(Beginning of SUPPLIED DATA)

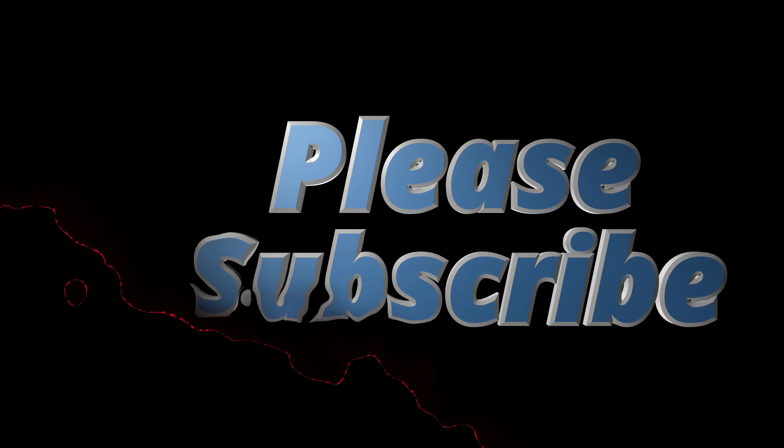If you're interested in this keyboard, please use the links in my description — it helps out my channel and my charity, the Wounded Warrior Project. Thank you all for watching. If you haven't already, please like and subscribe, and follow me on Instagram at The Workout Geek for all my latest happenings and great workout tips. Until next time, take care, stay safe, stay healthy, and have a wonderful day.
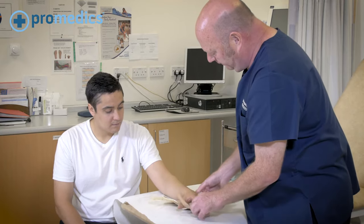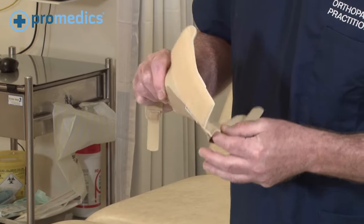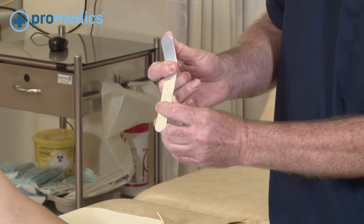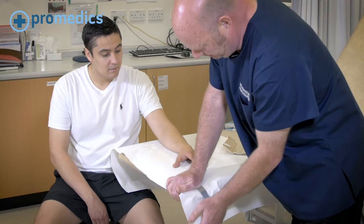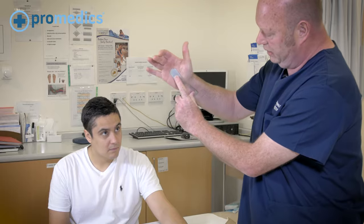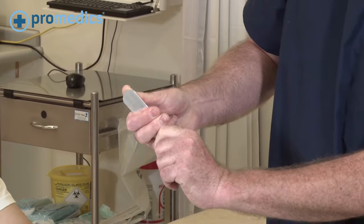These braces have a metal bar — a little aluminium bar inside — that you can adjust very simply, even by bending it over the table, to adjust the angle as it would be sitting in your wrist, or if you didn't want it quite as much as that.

(End of SUPPLIED DATA)
(Beginning of SUPPLIED DATA)

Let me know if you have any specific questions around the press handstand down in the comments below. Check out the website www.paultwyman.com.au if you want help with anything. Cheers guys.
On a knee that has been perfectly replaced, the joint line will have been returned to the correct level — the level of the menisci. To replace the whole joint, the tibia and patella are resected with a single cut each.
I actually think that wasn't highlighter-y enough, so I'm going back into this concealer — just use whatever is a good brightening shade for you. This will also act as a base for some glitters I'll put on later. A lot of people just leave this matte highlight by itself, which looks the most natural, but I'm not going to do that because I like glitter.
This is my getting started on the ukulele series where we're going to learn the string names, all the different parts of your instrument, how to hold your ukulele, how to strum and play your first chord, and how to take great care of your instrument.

(End of SUPPLIED DATA)

HOW TO COMPLETE THIS TASK: Everything above from the line containing "On a knee that" down to the line containing "This is my getting" should be copied exactly, both end lines included, and nothing else.

EXPECTED ANSWER:
On a knee that has been perfectly replaced, the joint line will have been returned to the correct level — the level of the menisci. To replace the whole joint, the tibia and patella are resected with a single cut each.
I actually think that wasn't highlighter-y enough, so I'm going back into this concealer — just use whatever is a good brightening shade for you. This will also act as a base for some glitters I'll put on later. A lot of people just leave this matte highlight by itself, which looks the most natural, but I'm not going to do that because I like glitter.
This is my getting started on the ukulele series where we're going to learn the string names, all the different parts of your instrument, how to hold your ukulele, how to strum and play your first chord, and how to take great care of your instrument.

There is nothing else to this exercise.